Alternatively, one can loop over individual Period objects within a PeriodIndex and extract the end_time for each. Though less efficient for large Indices, it offers granular control over the process.

Here’s an example:

import pandas as pd

# Create a PeriodIndex for a few days
periods = pd.period_range(start='2023-01-01', periods=3, freq='D')

# Iterate over periods and get end times
end_times = [period.end_time for period in periods]

print(end_times)

Output:

[Timestamp('2023-01-01 23:59:59.999999999'),
 Timestamp('2023-01-02 23:59:59.999999999'),
 Timestamp('2023-01-03 23:59:59.999999999')]

This method involves iterating over each Period object in the PeriodIndex and retrieving its end_time. The result is a list of Timestamps representing the end of each day in the period range.

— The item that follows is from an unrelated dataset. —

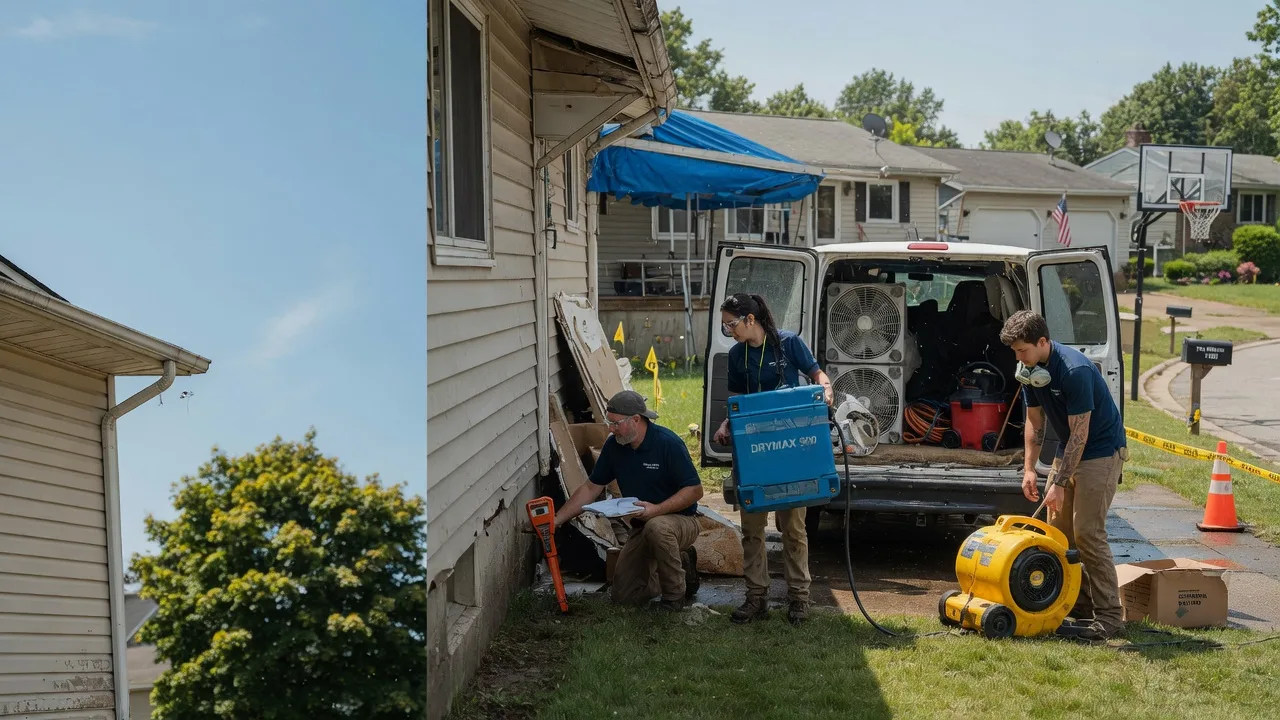 Ceiling Leak Cleanup in New Bloomington, OH near me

Method 4: Custom Function with period_range

A custom function can be defined to operate on a series of period objects, which can be versatile for various operations, including extracting end times.

Here’s an example:

import pandas as pd

def get_end_times(period_index):
    return [period.end_time for period in period_index]

# Example usage
periods = pd.period_range(start='2023-W01', periods=2, freq='W-SUN')
end_times = get_end_times(periods)

print(end_times)

Output:

[Timestamp('2023-01-07 23:59:59.999999999'),
 Timestamp('2023-01-14 23:59:59.999999999')]

The defined function get_end_times receives a PeriodIndex and returns a list with the end times of each period. It uses list comprehension internally to iterate over the PeriodIndex. This approach gives flexibility in processing PeriodIndex objects.

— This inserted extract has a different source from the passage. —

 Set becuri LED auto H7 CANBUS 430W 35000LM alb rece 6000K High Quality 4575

Bonus One-Liner Method 5: Lambda with map

A succinct one-liner solution utilizes the map function with a lambda function to apply end_time on each element of the PeriodIndex.

Here’s an example:

import pandas as pd

# Create a PeriodIndex for several hours
periods = pd.period_range(start='2023-01-01 00:00', periods=3, freq='H')

# One-liner to get the end times
end_times = list(map(lambda p: p.end_time, periods))

print(end_times)

Output:

[Timestamp('2023-01-01 00:59:59.999999999'),
 Timestamp('2023-01-01 01:59:59.999999999'),
 Timestamp('2023-01-01 02:59:59.999999999')]

This concise example uses map to apply a lambda function extracting the end_time of each period. The result is a list of Timestamps indicating the end of each hourly period.

Summary/Discussion

  • Method 1: to_timestamp with how='end'. Easy and direct, suitable for all sizes of PeriodIndex. May not offer control over individual periods.
  • Method 2: Accessing end_time Property. Very straightforward and no need for additional methods. Limited to built-in functionality.
  • Method 3: Looping over Period objects. Provides granular control, but less efficient for larger data sets.
  • Method 4: Custom Function. Offers flexibility and reusability but requires more code than other methods.
  • Method 5: Lambda with map. Compact and Pythonic; however, readability may suffer for those unfamiliar with functional programming paradigms.